Short descriptive text snippets >>
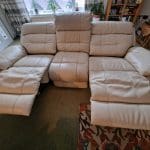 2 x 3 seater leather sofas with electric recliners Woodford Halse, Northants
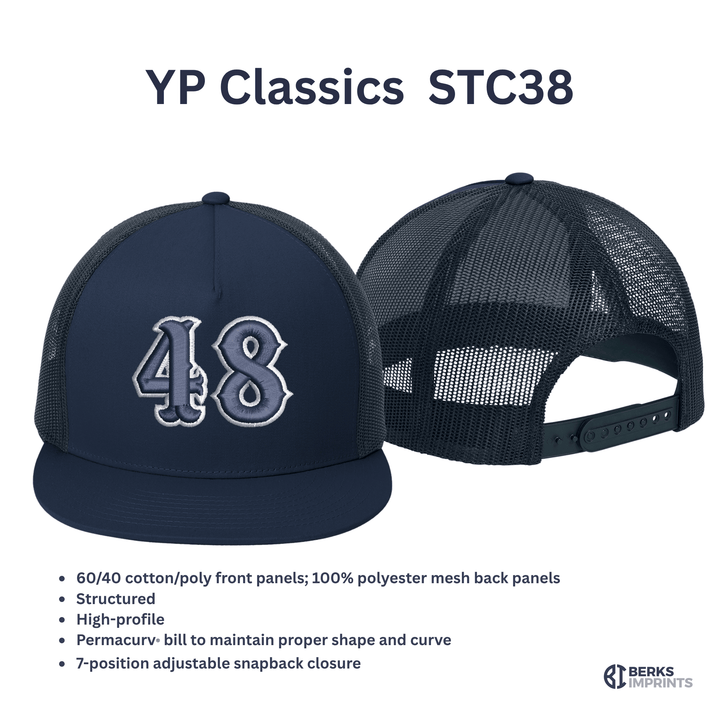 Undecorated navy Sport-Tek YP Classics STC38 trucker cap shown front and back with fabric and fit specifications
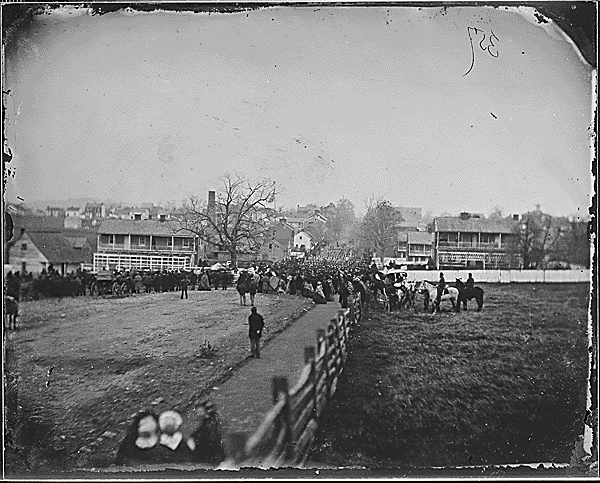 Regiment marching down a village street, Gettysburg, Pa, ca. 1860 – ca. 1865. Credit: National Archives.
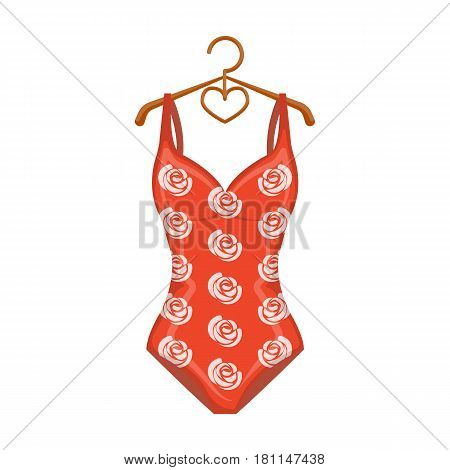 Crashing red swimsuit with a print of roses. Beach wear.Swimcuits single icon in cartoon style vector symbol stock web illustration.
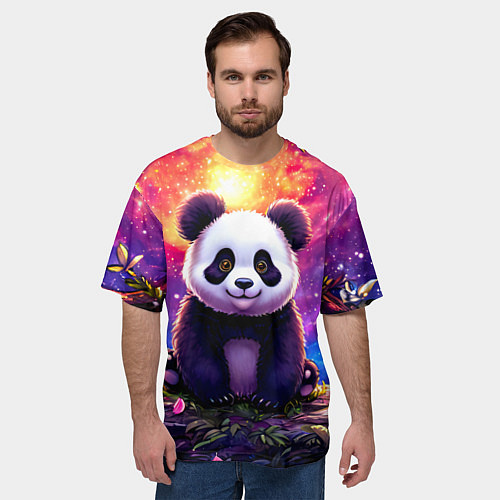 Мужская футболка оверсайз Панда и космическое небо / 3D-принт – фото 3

ACTION ITEM >> Leaving out the pictures, restate word for word the lines above from the one containing "Crashing red swimsuit" through the end of the records, both ends included.

SOLUTION TO THE PROBLEM >>
 Crashing red swimsuit with a print of roses. Beach wear.Swimcuits single icon in cartoon style vector symbol stock web illustration.
 Мужская футболка оверсайз Панда и космическое небо / 3D-принт – фото 3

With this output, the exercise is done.